BEGIN Input

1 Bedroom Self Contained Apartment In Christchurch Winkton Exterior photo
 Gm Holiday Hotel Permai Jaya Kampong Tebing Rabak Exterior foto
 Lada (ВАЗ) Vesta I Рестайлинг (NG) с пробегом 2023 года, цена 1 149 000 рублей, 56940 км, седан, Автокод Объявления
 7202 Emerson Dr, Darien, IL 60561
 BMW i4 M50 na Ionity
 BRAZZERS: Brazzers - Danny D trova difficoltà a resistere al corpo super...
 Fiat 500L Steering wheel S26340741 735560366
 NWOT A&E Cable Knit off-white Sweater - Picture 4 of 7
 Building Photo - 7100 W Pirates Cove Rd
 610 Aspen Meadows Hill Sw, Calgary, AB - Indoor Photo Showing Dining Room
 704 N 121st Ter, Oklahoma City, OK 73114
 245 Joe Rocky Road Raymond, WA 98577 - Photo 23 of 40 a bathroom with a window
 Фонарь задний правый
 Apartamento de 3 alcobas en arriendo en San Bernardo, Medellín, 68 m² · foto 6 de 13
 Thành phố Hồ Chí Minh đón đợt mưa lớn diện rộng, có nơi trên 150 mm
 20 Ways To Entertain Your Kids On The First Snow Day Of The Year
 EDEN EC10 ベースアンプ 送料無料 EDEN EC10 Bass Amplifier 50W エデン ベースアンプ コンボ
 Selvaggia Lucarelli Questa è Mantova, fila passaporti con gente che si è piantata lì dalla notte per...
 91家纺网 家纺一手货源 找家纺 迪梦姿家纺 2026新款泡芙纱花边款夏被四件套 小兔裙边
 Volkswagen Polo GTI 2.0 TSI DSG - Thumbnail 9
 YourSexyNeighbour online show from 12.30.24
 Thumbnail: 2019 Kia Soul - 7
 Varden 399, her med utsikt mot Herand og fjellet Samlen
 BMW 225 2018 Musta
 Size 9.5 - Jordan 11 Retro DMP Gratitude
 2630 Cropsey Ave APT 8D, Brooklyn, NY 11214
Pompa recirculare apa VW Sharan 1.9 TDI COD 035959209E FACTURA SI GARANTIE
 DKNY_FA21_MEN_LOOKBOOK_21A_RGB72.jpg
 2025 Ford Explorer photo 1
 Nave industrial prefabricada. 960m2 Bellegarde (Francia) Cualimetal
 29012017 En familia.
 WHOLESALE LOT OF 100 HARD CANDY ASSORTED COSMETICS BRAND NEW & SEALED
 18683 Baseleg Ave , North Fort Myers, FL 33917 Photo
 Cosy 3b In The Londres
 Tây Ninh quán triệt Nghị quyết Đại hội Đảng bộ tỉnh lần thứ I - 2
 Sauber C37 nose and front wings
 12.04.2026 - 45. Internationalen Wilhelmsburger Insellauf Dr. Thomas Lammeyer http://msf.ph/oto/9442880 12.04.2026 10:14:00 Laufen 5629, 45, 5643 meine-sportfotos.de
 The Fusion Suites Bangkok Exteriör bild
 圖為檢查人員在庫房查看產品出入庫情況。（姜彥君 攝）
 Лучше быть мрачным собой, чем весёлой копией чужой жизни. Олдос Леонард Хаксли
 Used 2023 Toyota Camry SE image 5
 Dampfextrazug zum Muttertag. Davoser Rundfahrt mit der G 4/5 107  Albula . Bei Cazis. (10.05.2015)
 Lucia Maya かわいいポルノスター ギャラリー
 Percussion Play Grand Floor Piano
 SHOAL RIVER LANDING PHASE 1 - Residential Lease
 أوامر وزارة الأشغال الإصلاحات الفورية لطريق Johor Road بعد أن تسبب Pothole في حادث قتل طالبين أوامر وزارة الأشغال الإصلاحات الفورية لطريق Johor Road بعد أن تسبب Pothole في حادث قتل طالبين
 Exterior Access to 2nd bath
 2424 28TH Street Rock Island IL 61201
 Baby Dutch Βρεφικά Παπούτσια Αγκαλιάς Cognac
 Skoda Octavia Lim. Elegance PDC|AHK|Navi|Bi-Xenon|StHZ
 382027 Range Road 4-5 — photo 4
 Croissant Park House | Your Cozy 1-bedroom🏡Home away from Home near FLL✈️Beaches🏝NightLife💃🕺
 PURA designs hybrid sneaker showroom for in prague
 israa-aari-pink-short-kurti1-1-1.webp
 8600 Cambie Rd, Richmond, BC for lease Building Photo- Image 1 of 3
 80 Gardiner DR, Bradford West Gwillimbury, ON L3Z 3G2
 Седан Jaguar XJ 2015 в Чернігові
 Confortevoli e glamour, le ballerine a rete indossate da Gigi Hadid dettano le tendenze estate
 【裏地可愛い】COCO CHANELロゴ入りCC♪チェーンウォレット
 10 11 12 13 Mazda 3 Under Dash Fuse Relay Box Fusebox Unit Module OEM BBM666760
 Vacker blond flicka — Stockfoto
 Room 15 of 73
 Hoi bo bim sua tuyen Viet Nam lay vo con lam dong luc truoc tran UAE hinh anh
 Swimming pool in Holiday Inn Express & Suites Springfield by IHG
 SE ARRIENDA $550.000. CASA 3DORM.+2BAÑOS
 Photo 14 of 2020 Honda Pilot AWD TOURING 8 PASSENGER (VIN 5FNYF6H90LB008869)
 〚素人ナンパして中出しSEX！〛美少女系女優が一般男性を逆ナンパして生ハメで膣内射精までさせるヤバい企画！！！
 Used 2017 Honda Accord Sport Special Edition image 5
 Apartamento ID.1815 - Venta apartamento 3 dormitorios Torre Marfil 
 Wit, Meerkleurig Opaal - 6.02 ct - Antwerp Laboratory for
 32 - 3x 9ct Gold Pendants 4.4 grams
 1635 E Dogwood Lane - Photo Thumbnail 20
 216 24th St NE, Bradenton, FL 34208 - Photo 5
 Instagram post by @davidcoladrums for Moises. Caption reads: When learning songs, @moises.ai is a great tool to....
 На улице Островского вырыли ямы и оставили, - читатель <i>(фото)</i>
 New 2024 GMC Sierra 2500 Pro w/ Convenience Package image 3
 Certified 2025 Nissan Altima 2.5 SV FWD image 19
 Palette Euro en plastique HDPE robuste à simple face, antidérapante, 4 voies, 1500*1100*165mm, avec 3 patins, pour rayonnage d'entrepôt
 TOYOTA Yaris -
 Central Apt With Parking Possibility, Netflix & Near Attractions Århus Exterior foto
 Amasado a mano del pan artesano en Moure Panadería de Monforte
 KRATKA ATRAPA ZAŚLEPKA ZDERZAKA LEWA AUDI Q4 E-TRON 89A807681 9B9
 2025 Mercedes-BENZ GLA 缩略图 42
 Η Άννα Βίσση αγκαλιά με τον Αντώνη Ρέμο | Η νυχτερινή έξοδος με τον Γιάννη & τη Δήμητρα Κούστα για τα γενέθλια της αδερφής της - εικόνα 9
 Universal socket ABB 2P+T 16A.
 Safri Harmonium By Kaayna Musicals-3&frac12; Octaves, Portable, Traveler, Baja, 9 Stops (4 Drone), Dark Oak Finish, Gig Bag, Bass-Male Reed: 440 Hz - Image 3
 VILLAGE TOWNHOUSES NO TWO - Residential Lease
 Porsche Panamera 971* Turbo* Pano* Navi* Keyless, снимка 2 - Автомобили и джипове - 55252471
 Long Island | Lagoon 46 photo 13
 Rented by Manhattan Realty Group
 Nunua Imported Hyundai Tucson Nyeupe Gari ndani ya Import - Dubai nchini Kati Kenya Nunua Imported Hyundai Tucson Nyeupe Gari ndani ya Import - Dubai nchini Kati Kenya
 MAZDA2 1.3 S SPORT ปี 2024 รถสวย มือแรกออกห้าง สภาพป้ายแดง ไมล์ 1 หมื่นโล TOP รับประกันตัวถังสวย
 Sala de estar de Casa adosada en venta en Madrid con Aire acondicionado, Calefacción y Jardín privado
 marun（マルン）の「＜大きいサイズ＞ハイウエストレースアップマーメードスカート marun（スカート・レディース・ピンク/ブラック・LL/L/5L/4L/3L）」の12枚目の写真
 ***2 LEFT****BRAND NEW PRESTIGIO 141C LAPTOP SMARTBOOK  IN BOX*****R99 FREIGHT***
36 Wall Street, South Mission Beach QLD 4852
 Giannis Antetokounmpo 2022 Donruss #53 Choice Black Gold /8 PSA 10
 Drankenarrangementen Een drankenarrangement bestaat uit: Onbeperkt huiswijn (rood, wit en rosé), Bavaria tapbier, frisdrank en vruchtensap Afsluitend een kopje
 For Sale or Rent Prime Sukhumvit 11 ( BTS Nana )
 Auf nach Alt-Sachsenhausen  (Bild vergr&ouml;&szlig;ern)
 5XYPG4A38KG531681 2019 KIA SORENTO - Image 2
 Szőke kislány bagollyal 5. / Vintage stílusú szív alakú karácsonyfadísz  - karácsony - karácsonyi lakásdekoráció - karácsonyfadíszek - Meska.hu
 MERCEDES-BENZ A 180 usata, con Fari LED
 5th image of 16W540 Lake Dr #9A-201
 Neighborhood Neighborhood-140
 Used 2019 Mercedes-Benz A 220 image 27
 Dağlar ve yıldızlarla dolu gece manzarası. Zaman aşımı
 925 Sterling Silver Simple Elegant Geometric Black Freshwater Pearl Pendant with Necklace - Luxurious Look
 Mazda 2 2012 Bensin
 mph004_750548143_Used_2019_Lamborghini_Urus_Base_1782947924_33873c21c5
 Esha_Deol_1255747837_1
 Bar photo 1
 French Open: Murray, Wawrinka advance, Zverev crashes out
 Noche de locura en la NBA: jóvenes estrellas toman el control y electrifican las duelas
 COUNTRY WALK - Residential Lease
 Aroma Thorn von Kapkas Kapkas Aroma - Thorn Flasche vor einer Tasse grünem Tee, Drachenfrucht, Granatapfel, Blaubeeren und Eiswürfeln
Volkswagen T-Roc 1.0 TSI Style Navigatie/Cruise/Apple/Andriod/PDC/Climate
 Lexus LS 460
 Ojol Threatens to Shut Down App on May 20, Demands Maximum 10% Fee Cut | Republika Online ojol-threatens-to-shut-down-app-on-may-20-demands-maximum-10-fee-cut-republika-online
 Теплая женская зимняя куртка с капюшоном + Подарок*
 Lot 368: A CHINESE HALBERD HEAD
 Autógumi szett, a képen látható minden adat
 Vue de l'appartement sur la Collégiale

END Input

**What the task asks**
Search the records above for the string "Thumbnail". Report each line that has it.

**Output for this task**
 Volkswagen Polo GTI 2.0 TSI DSG - Thumbnail 9
 Thumbnail: 2019 Kia Soul - 7
 1635 E Dogwood Lane - Photo Thumbnail 20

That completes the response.